Unfortunately, most of the advantages of ETFs can also be viewed as their disadvantages. Since they are purchased on the secondary market from other investors the next available price can vary greatly from the current price if the ETF is only traded sporadically. Therefore, it is important to know the volume of shares sold of the ETF you are interested in. This information is readily available on sites such as Google Finance. The enormous number of ETFs being offered also means that the spectrum of quality is very large. Another thing to keep in mind is that many are very thinly traded so while it may be the obscure market you want to invest in you must make sure it is the price you want to pay for it.
I write this post not to discourage the average investor from investing in ETFs but to encourage them to do the necessary research before purchasing them. Like most financial vehicles the construction, structure, and intricacies of ETFs are very complex and I have barely scratched the surface in this post. In later posts I will address more specific features of ETFs but this post is meant to alert you that there is more to ETFs than meets the eye.
As we near the one the month to the April 15th tax filing deadline mark some people have filed their taxes but many of us are just beginning to think about it. Free online tax filing services have been the topic of many online blogs in recent weeks and The Oregonian’s It’s Only Money blog did a good review of the available providers. These programs are extremely helpful as they walk you through the confusing forms and help to insure that your taxes are filed correctly. Electronic filing and direct deposit of refunds are additional advantages of using such software.
Many programs have also partnered with various states to offer free state tax return filing. For Oregon H&R Block, TaxSlayer, Turbo Tax Freedom Edition, Tax Hawk, and OnLine Taxes all offer free state filing with various restrictions. Of these H&R Block has the most lenient restrictions. The only restrictions are that your AGI must be $58,000 or less and you must be 51 years old or younger.
The reason I decided to add to the numerous articles already written on this topic is that in order to receive the free state tax return filing service you MUST enter the site through either the IRS website or the Oregon Department of Revenue site. If you enter directly through the H&R Block website you will be prompted through an identical interface with the only difference being that at the top it will say “Free Edition” instead of “Free File”. If you file your taxes with the “Free Edition” you will be charged $27.95 for your Oregon return. The good news is that once you have entered the “Free File” site the interface is straightforward and easy to complete.
Investing is intimidating and confusing. While some people will freely admit this, most feign understanding and rely solely on the advice given to them by their investment professional.

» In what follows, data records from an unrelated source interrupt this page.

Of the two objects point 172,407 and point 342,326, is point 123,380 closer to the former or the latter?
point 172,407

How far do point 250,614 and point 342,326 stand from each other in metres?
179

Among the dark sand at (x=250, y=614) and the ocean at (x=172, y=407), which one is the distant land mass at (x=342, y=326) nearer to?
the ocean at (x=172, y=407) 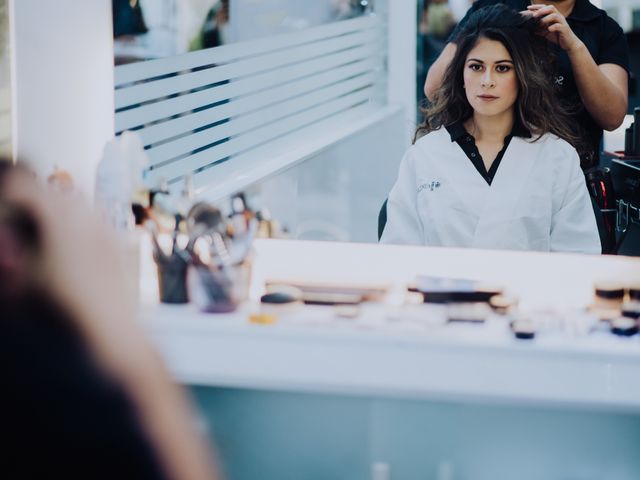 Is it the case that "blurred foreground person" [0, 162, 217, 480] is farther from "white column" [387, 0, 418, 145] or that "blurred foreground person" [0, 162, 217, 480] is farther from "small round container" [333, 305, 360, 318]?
"white column" [387, 0, 418, 145]

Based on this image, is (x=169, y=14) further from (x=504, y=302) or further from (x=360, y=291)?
(x=504, y=302)

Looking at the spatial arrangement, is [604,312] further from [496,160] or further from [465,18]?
[465,18]

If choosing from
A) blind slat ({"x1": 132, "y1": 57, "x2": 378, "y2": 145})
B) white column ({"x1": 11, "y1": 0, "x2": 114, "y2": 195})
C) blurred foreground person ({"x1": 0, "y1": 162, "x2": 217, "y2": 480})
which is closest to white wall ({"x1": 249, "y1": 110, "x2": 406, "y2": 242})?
blind slat ({"x1": 132, "y1": 57, "x2": 378, "y2": 145})

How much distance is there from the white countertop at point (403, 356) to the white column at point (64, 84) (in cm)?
43

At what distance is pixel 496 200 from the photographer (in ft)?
5.57

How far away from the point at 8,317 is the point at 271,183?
1110 millimetres

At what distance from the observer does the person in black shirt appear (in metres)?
1.57

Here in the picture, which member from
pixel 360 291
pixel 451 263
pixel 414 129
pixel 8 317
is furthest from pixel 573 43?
pixel 8 317

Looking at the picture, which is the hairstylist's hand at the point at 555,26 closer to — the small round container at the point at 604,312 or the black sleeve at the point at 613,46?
the black sleeve at the point at 613,46

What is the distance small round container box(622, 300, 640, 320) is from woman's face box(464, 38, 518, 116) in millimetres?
422

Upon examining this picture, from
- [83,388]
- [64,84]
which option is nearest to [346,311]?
[64,84]

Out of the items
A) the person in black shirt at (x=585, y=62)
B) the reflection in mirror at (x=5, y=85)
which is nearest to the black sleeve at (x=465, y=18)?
the person in black shirt at (x=585, y=62)

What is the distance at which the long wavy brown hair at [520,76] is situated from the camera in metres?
1.64

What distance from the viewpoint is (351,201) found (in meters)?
1.73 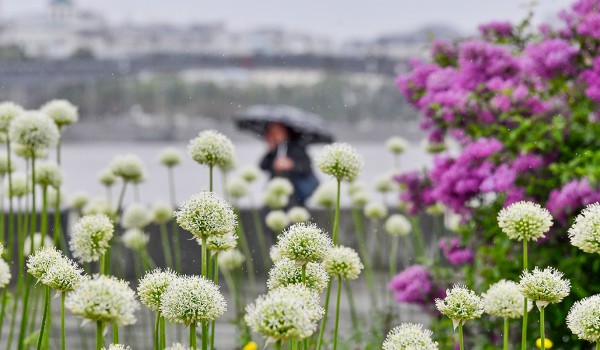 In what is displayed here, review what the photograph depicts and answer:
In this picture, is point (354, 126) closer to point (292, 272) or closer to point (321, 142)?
point (321, 142)

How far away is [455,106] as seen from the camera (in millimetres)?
2783

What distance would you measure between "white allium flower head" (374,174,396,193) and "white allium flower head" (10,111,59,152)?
2018 mm

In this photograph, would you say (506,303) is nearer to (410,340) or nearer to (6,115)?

While professional advice is important there is one major question you should be asking and that is “how much am I paying you and the investment industry?” As a client you have a right to know this information. If you ask and your investment professional launches into a long-winded complex explanation, ask them to slow down and explain it. Better yet ask for an exact breakdown of ALL expenses in writing. This is not unreasonable and the request should not be met with resistance. If it is, more than likely you are being charged more money than you realize. Now it is easy to say “Well I really like my broker and he/she promises good returns so I don’t mind paying a little extra.” This is a rational thing to think but you should still find out how much that “little bit extra” is.

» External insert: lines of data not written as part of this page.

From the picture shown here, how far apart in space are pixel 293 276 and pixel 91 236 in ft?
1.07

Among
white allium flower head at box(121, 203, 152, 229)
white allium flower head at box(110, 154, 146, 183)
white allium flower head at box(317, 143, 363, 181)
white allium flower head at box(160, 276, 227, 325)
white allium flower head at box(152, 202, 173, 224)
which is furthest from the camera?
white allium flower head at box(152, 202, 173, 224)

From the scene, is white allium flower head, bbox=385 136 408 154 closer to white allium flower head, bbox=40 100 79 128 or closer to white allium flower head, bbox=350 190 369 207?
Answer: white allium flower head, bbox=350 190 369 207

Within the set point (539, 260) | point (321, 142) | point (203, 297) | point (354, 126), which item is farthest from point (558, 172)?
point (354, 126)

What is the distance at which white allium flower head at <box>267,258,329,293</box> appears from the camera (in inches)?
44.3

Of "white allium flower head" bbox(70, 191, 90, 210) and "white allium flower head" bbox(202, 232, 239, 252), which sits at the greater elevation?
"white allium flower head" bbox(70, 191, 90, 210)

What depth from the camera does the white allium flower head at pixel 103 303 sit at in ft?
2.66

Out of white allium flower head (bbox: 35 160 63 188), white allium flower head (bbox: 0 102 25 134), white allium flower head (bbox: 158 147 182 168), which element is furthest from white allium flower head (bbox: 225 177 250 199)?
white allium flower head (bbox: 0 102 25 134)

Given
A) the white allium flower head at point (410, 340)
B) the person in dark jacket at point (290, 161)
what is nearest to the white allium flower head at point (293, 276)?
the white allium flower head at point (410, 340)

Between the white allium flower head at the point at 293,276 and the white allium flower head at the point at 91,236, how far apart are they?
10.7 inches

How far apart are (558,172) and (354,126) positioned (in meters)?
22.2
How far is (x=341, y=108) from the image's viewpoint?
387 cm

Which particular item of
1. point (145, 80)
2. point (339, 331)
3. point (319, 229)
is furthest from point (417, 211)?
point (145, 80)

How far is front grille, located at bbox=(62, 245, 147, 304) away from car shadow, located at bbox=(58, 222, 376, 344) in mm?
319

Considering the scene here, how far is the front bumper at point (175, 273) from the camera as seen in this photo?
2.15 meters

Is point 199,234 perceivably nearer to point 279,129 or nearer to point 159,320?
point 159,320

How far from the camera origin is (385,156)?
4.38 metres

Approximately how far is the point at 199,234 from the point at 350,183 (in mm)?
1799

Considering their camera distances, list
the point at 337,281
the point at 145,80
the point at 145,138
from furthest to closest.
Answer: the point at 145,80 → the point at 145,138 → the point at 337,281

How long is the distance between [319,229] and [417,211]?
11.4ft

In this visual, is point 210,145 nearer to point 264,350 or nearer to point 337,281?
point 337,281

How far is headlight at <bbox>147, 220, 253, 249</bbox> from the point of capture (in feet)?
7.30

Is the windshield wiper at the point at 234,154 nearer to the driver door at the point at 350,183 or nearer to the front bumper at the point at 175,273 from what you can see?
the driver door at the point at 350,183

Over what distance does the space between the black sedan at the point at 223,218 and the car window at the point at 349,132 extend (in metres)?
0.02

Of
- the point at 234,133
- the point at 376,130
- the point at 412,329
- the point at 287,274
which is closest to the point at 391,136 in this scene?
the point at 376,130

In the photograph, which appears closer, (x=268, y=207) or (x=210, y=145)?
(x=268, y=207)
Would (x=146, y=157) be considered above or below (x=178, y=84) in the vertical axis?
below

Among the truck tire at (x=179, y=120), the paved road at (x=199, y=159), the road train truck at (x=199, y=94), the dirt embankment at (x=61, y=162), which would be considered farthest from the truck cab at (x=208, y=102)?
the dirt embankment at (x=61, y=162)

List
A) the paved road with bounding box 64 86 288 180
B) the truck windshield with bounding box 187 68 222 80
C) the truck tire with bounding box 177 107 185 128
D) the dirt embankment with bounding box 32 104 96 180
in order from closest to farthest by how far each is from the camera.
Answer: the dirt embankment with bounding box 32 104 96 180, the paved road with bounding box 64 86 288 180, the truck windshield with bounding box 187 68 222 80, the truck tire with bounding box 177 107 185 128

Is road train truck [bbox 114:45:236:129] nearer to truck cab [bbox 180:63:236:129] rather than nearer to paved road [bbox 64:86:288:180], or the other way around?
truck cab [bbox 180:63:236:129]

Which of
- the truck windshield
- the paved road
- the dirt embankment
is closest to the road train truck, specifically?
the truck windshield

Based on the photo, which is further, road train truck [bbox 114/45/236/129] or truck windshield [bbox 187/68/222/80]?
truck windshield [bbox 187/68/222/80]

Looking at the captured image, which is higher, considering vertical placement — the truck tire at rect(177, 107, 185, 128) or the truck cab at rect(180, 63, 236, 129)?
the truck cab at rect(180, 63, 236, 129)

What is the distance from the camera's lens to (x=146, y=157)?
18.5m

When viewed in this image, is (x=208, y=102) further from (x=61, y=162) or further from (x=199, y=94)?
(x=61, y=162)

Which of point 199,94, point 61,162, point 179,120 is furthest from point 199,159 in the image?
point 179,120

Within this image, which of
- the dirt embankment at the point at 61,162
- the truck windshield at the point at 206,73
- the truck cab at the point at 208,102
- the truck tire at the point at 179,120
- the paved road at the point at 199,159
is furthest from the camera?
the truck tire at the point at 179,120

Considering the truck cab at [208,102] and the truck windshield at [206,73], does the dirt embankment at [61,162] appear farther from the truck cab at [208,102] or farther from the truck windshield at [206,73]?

It is usually quite difficult to figure out the expenses being charged on your account from the monthly or quarterly statements that you are provided with so it is best to ask what the exact fees are. Some basic things to look for are large front-end loads (commissions) that can be high as 5.75% and 12b-1 fees (a very hidden fee). Often it is a useful exercise to quantify in dollar terms the fees you are paying. For example, lets say you have $100,000 and your broker invests it in mutual funds with a front-end load of 5.75%. You just paid $5,750 for your money to be invested. Remember, no matter how much money you have to invest there are options. There are investment professionals who will charge far less than 5.75% to invest your money or with some basic research and professional advice you can do the investing yourself for free. In the end, it is your money and if you are happy with the service and returns you are getting for what you pay then great, just be sure you know how much you are actually paying.